### Exercise input
------------------------------------------------------------

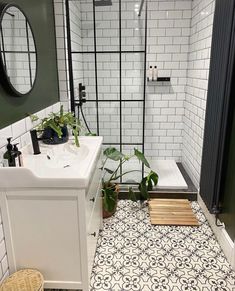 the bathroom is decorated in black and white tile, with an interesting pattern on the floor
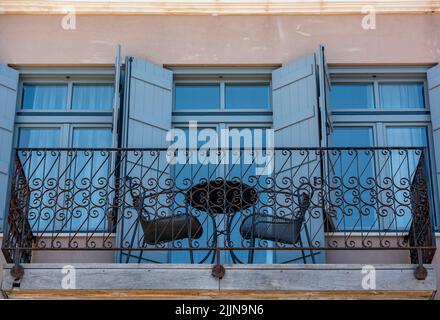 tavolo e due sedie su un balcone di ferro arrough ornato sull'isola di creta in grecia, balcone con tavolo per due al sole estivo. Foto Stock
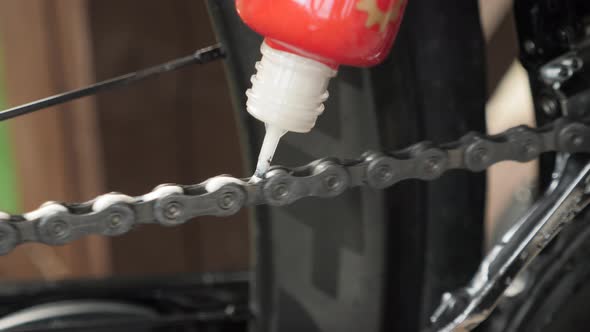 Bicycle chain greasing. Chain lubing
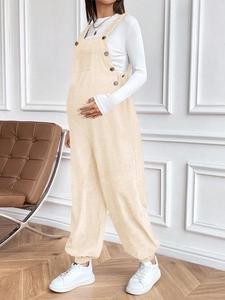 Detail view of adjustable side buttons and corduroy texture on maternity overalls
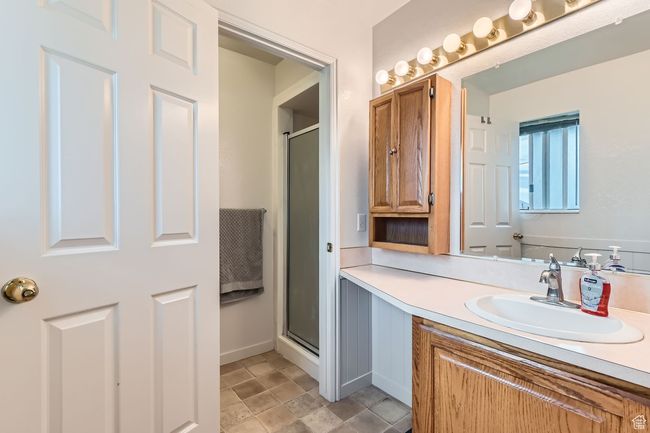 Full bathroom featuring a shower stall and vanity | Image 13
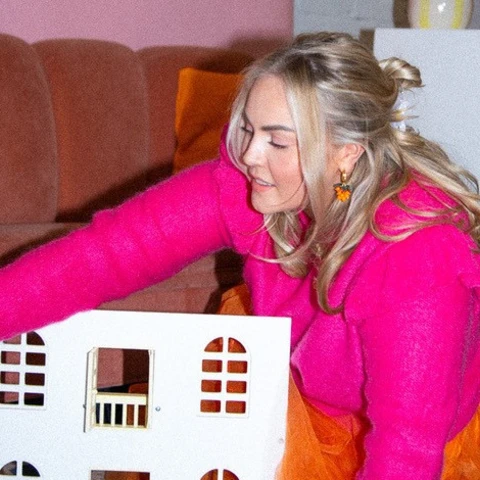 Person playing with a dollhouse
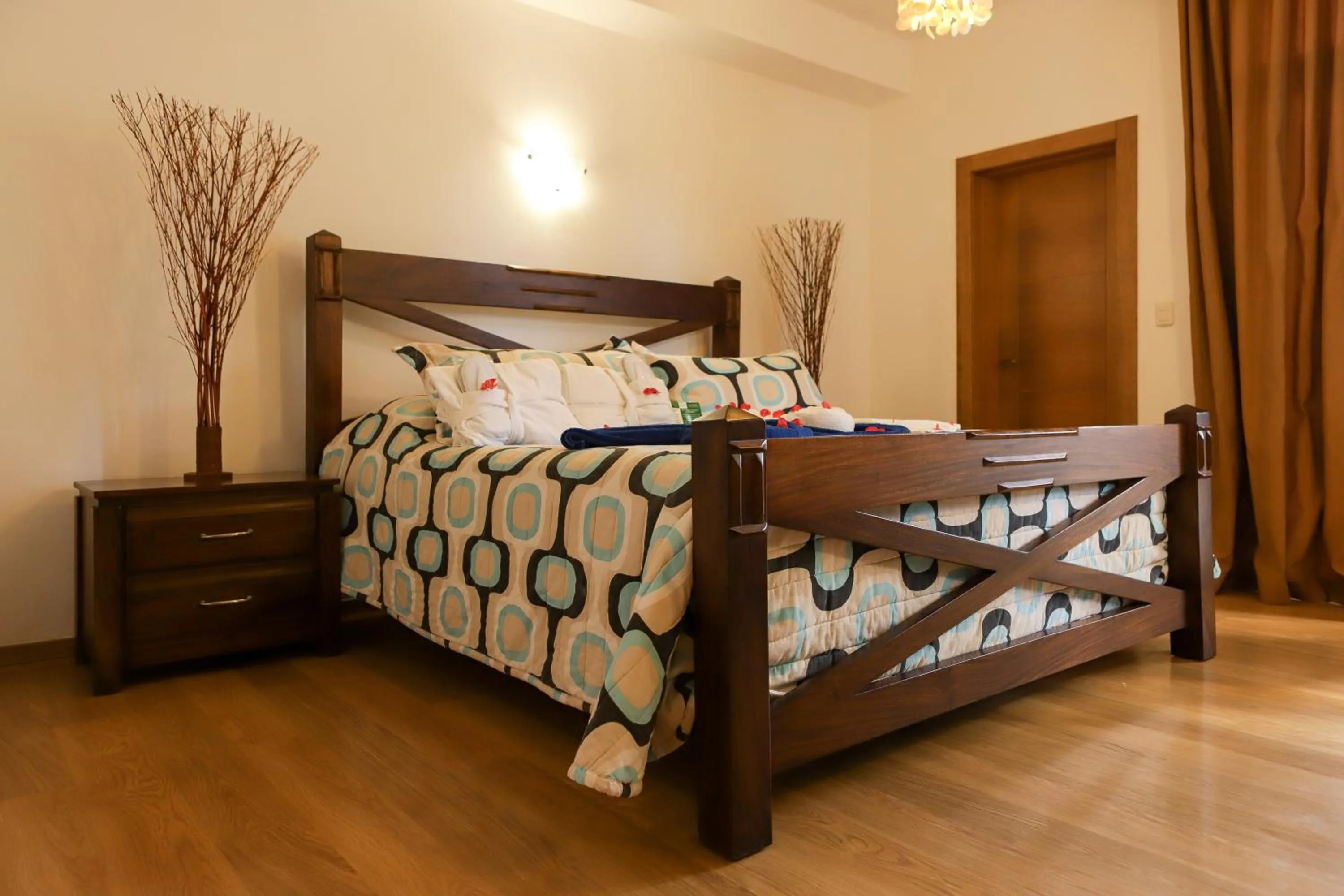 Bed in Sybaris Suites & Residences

------------------------------------------------------------

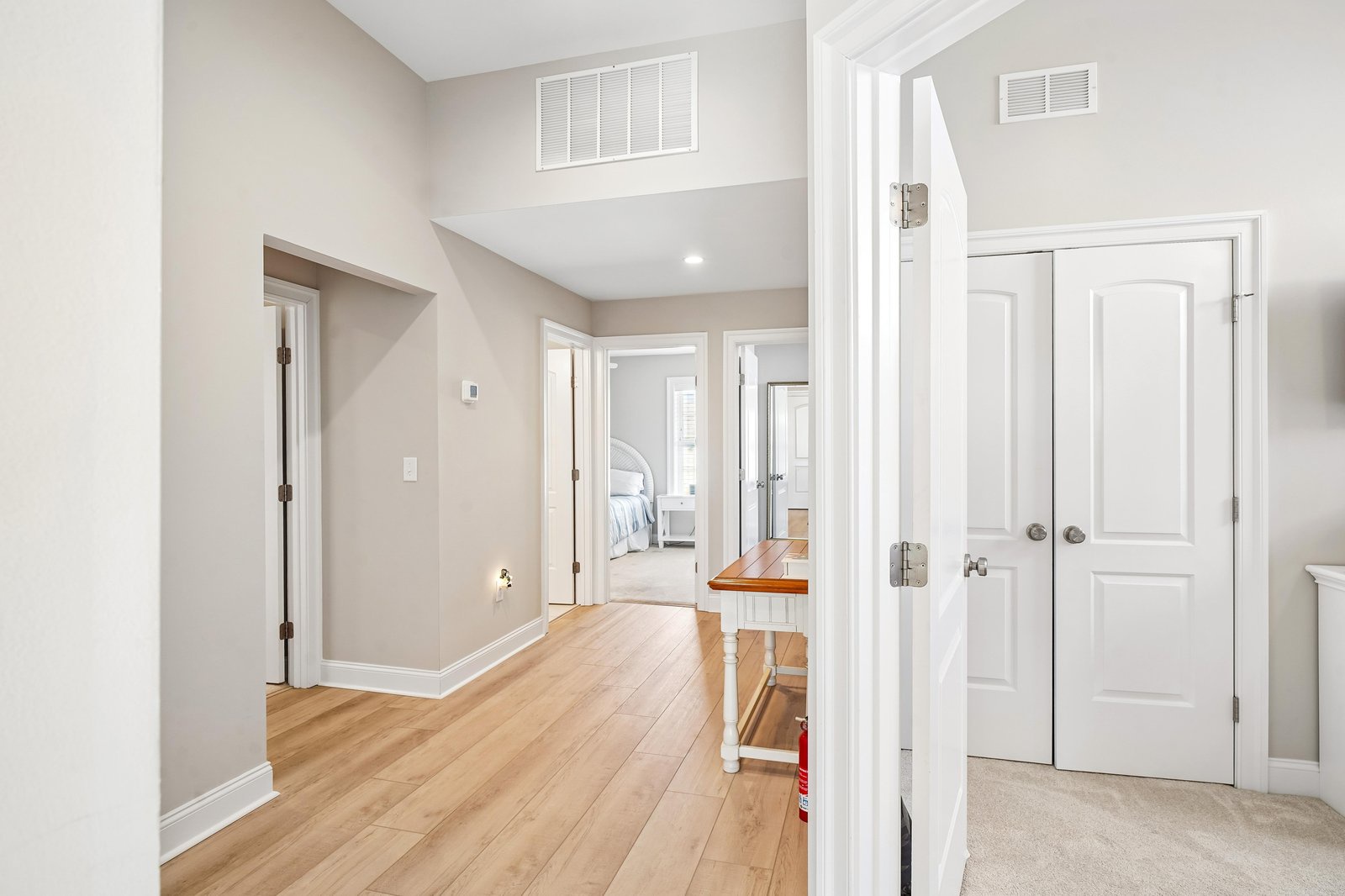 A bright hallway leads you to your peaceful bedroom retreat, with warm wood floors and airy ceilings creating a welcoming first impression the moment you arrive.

------------------------------------------------------------

### Directions for this task
Your reply should consist solely of the lines above from the line containing "Detail view of" up to and including the line containing "Bed in Sybaris Suites & Residences", reproduced exactly, minus the pictures.

### Completed exercise
 Detail view of adjustable side buttons and corduroy texture on maternity overalls
 Full bathroom featuring a shower stall and vanity | Image 13
 Person playing with a dollhouse
 Bed in Sybaris Suites & Residences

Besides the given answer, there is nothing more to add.